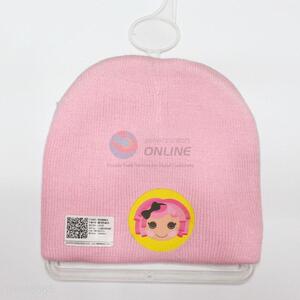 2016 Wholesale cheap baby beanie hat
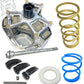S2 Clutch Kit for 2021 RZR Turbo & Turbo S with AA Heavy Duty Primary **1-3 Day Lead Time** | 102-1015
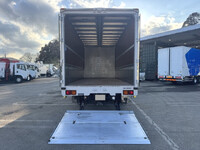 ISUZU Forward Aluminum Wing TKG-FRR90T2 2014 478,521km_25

* * *

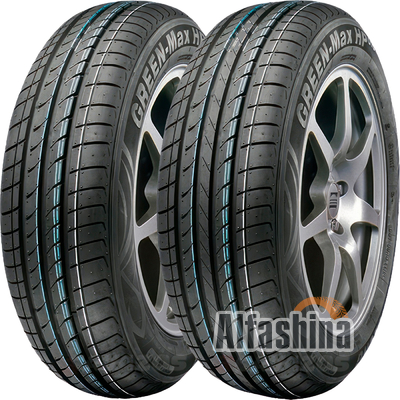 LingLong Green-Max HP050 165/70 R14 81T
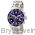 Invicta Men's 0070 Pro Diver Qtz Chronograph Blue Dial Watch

--

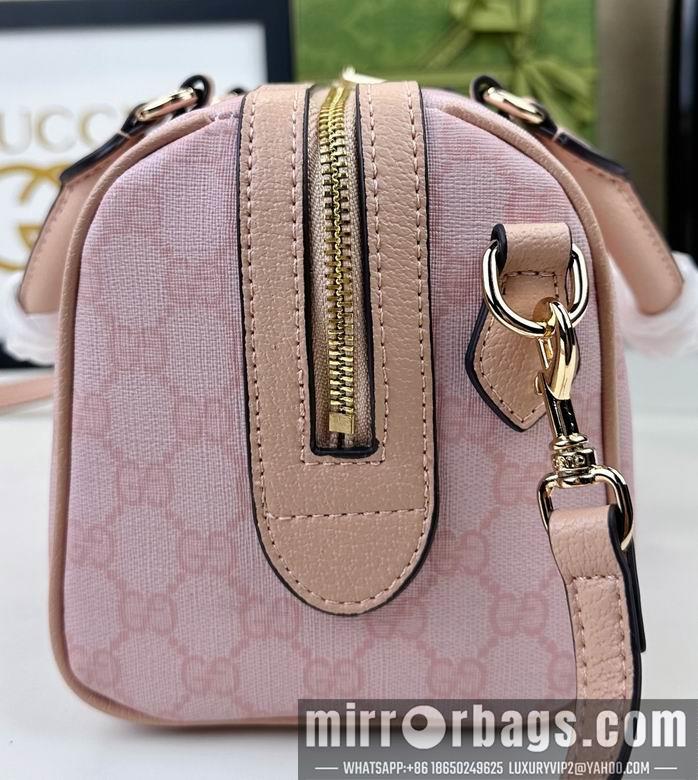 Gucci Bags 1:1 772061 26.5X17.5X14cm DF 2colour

_TASK DETAILS_. What you write out is the stretch of entries from the line containing "S2 Clutch Kit" to the line containing "ISUZU Forward Aluminum", word for word, with both end lines and no pictures.

_ANSWER TO THIS TASK_.
S2 Clutch Kit for 2021 RZR Turbo & Turbo S with AA Heavy Duty Primary **1-3 Day Lead Time** | 102-1015
 ISUZU Forward Aluminum Wing TKG-FRR90T2 2014 478,521km_25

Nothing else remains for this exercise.